Roel: Oh. That’s good. You know—no one has ever asked me that question before. Excellent work, Bo! (laughs) Let’s see… I’d say that there’s an exactitude, a kind of precision within the map-making profession that is based completely on observation and is, at the same time, completely unhinged. Wait. Maybe that doesn’t make sense. What I mean is that the cartographer details a version of the world that no longer exists. Even in the moment of observation, a shoreline, for example, is shifting and changing it’s position. The map-making cheats a little, I think, by being a generalist, by stepping back so far from the thing that is defined via the line. A map is a snapshot in time. A photograph of an idea in ink and paper. And the countries denoted in some maps, those are cultural, tribal representations. So, for your question, I think the strings are a country, and they have their own culture, their own way of being in the world of the song. The same is true of the drums, or the horn sections, or the human voice. A song with several instruments is like a gathering of nations, a map of the human spirit in time. Stop me before I get too far out on the limb of this idea, Bo.

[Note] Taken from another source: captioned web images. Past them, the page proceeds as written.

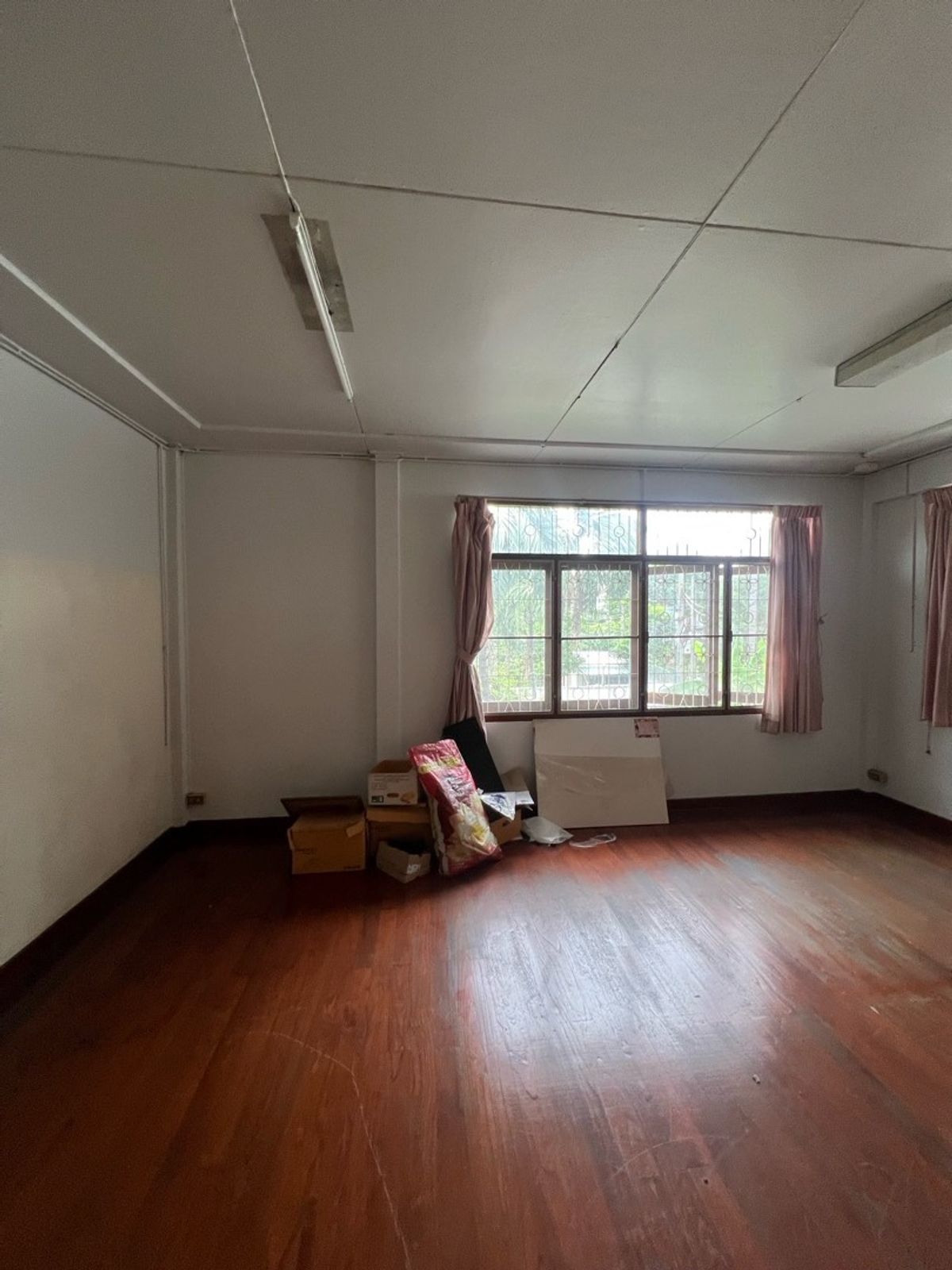 For RentRetail SpaceSukhumvit, Asoke, Thonglor : Rent a detached house, Sukhumvit 49, Thonglor for a long -term renovated business.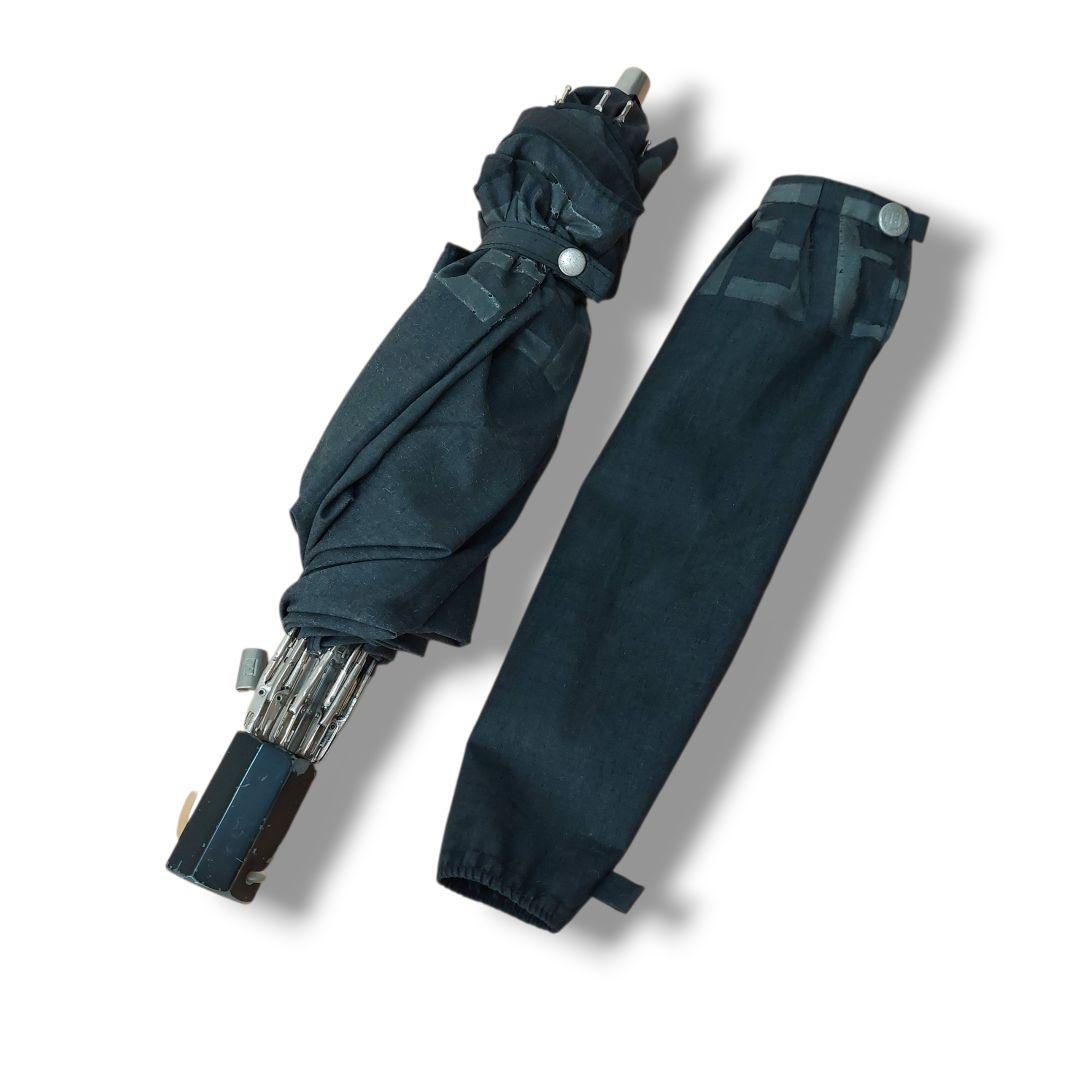 【大人気】フェンディ　FENDI　折り畳み傘　ブラック　良品　袋付き　FFロゴ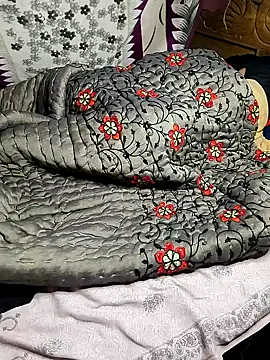 Show modela HOT_MISSLINA na web-kameri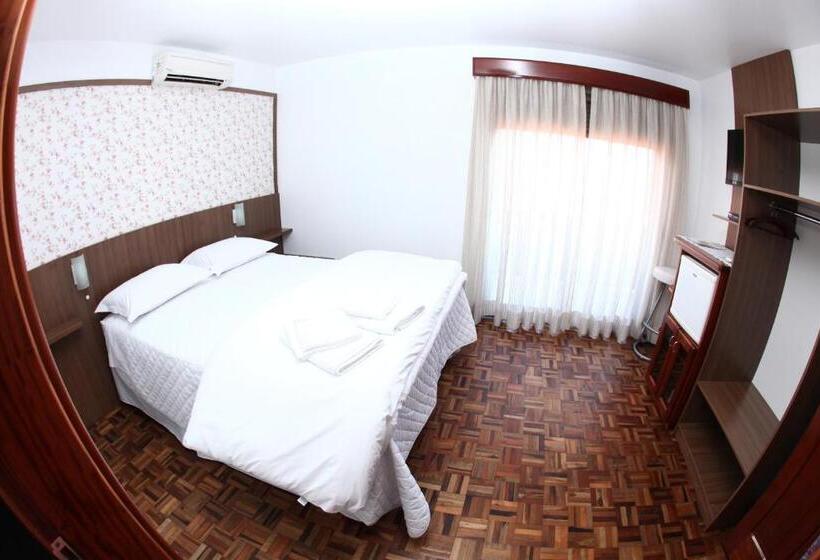 디럭스 스위트, Hospedaria Gãstehaus Enzian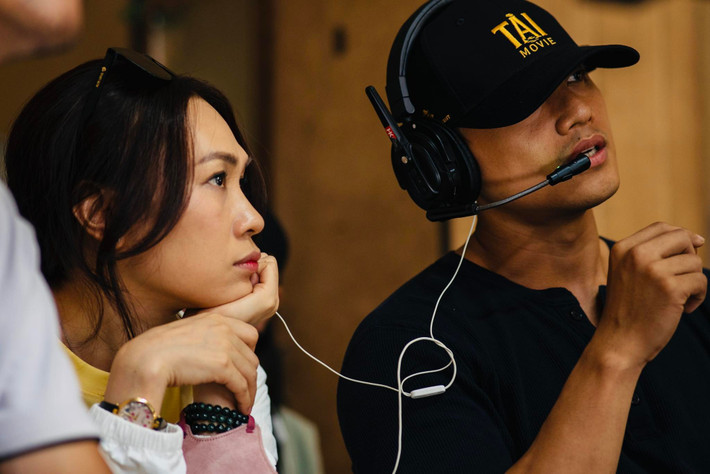 “Cách giải quyết duy nhất là tự ngồi suy nghĩ và lấy biểu quyết số đông của ê-kíp. Đó chỉ là trong công việc thôi, chứ sau đó vẫn có thể đi ăn uống bình thường với nhau”, Mỹ Tâm nói thêm. Ảnh: FB Mai Tài Phến.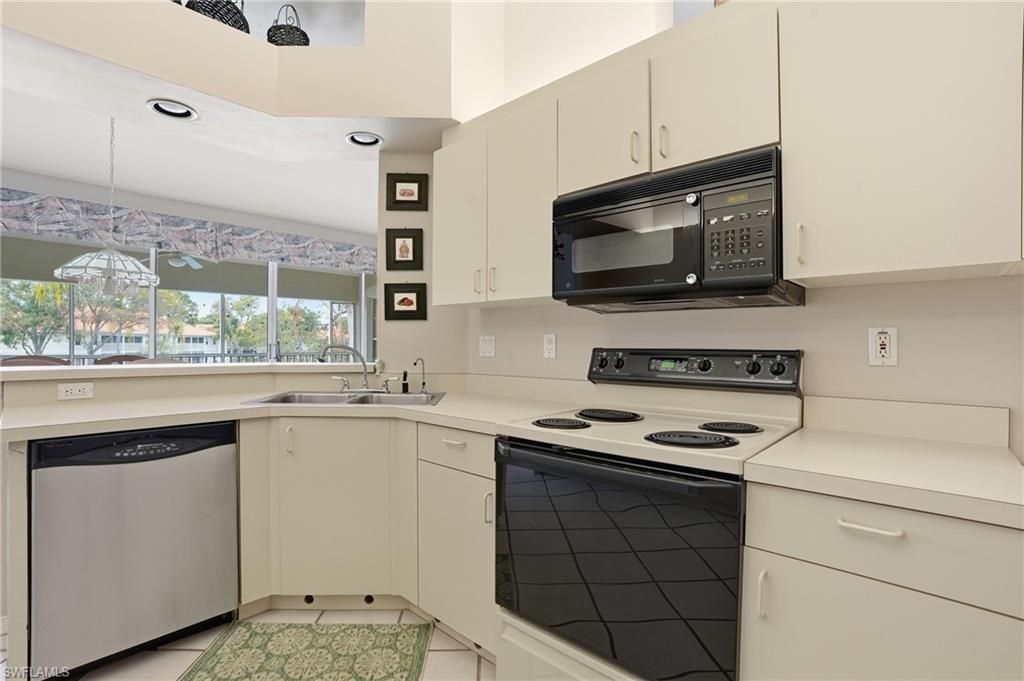 7680 Oleander Gate Dr, Unit J202, Naples, FL 34109 Photo
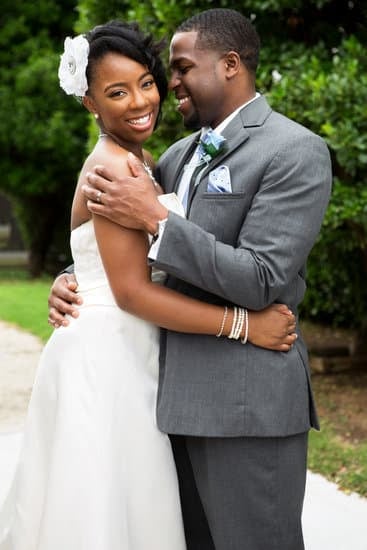 What Do Wedding Planners Major In 1 Graduates of wedding planning programs typically major in Hospitality Management. What do wedding planners major in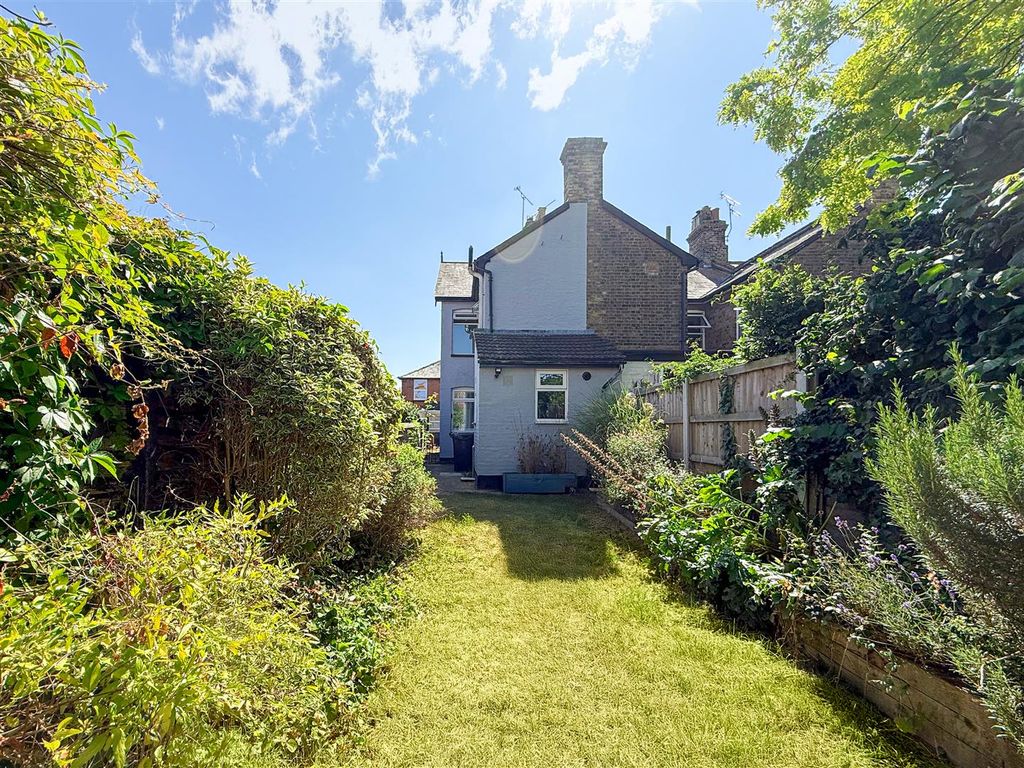 Property photo 3 of 13 Garden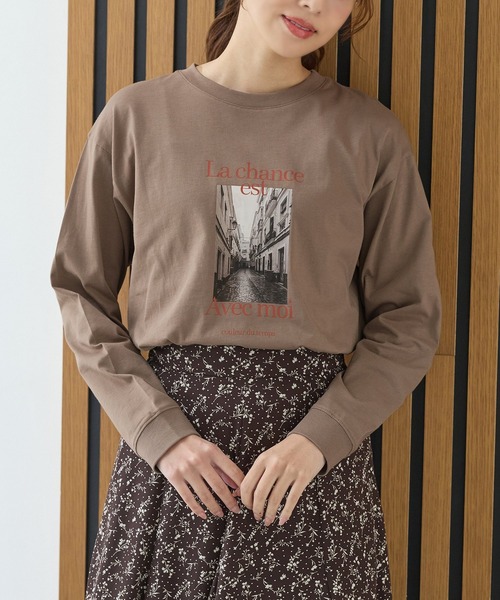 Honeys(ハニーズ)の「フォトプリントTシャツ(Tシャツ/カットソー・レディース・スミクロ/モカ/ホワイト×レッド/ホワイト×ブルー/グレイッシュブルー・L/LL/M/S)」の1枚目の写真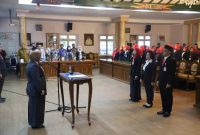 Bupati Purworejo, Yuli Hastuti saat melantik 128 kepala sekolah.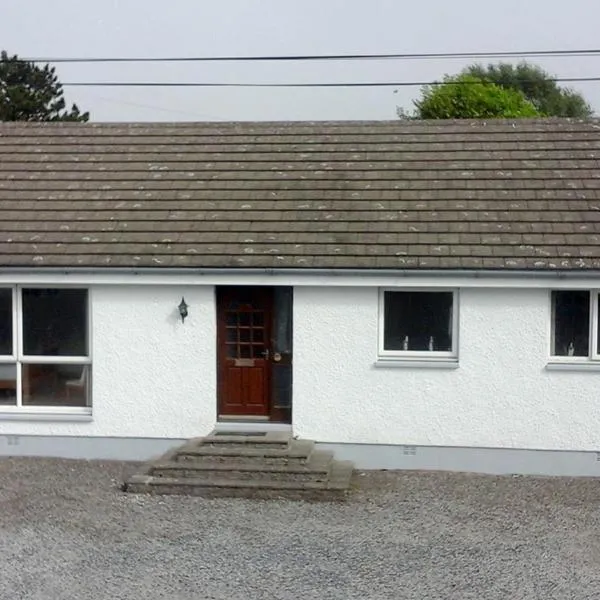 Lovely 3 Bedroom Bungalow Located in Drummore，位于Drummore的酒店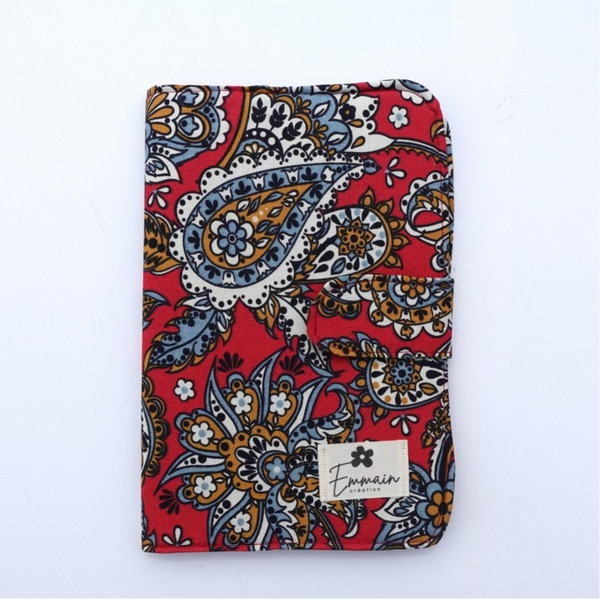 Protège Carnet de Santé Rouge Éclat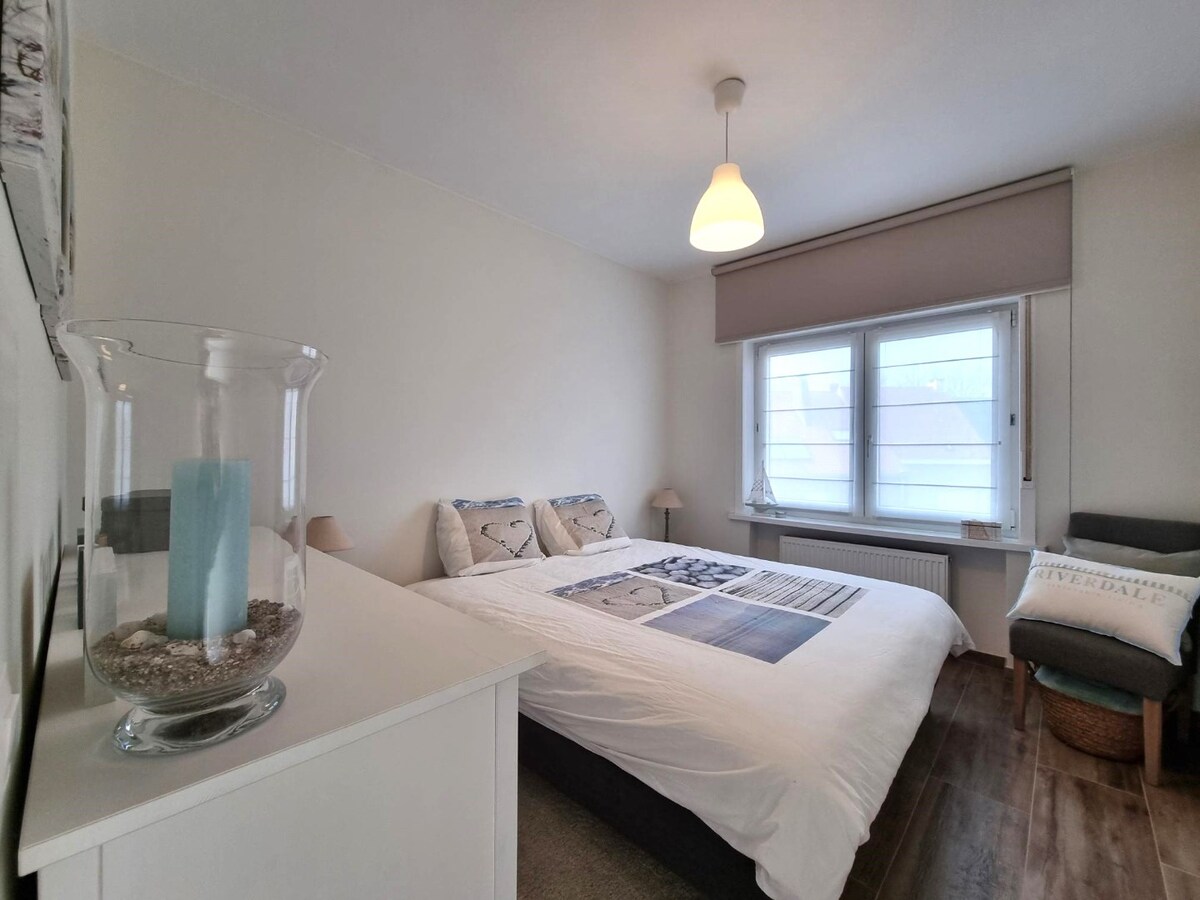 Knap gerenoveerd, zeer lichtrijk hoekappartement te Heist 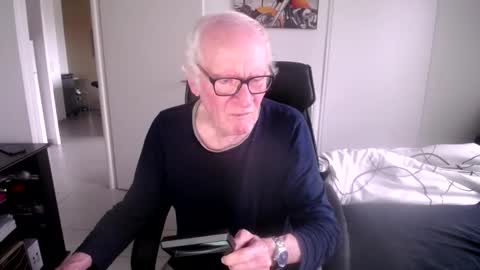 barbapapa73508870 online show from 02/23/25, 07:33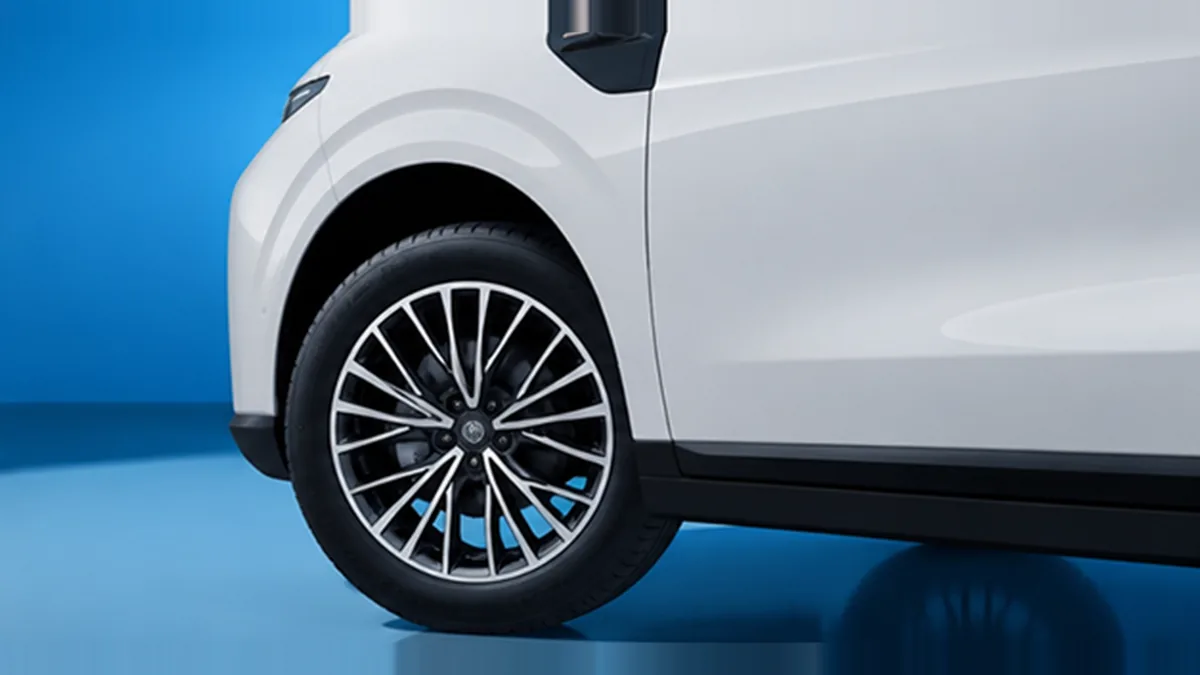 Leapmotor B10 REEV 18.8 kWh Life AT en renting en Málaga — vista 7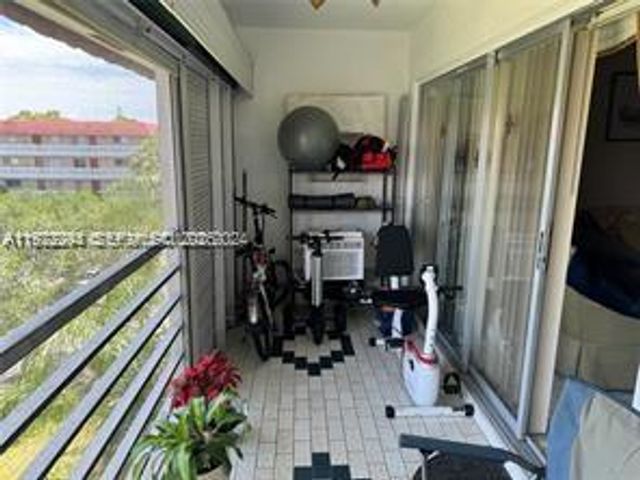 3571 Inverrary Drive 408, Lauderhill, FL 33319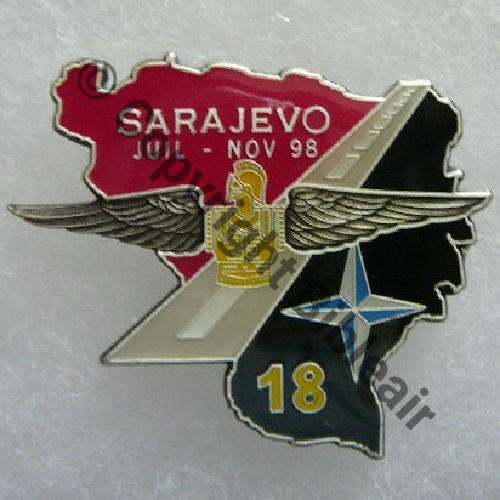 NH  BOSNIE 18eDet SARAJEVO SFOR 25e RGA 07.98 11.98  RESINE ROUGE LILAS  PARIS INSIGNE Attac PINS Quadrille fin Src.B.RIGODANZO  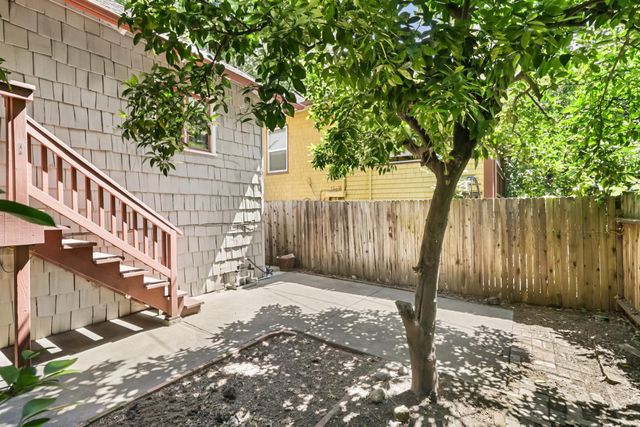 2106 E St, Sacramento, CA 95816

McManus: Are you kidding me? You’re rolling, man.
Roel: This new album [Love Songs to the Bombers Flying Overhead] is something like two maps.
McManus: …Because it’s in two main sections, yes?
Roel: Exactly, with one looking further back in time and the other half being drawn sometime in the 1970’s, mostly.
McManus: I love the whole ‘concept album’ approach, man.
Roel: Thank you, Bo, but I don’t think albums can be anything but concept albums. I mean, when you put several elements together, they create correlations and disruptive elements, harmony and forward progression, tension and discordant parts, all the ingredients of storytelling. The thing is that most albums seem to try to act as if there isn’t a conscious interplay of voices within songs, a larger narrative in the act of listening. If it’s a collage, it’s a collage. But we can’t forget that assembly implies intent, and within intent there is a potential for meaning, something we can learn from. From here, we have the beginning of what all albums should do—create a canvas for the mind to wander into the imagination.
McManus: That makes complete sense, Roel.
Roel: I’m tired of hearing my own voice, Bo. My friend Tony tells me I should go to East L.A. and try some tacos while I’m here.
McManus: You want to get tacos?
Roel: Yeah. Let’s go get some tacos, man.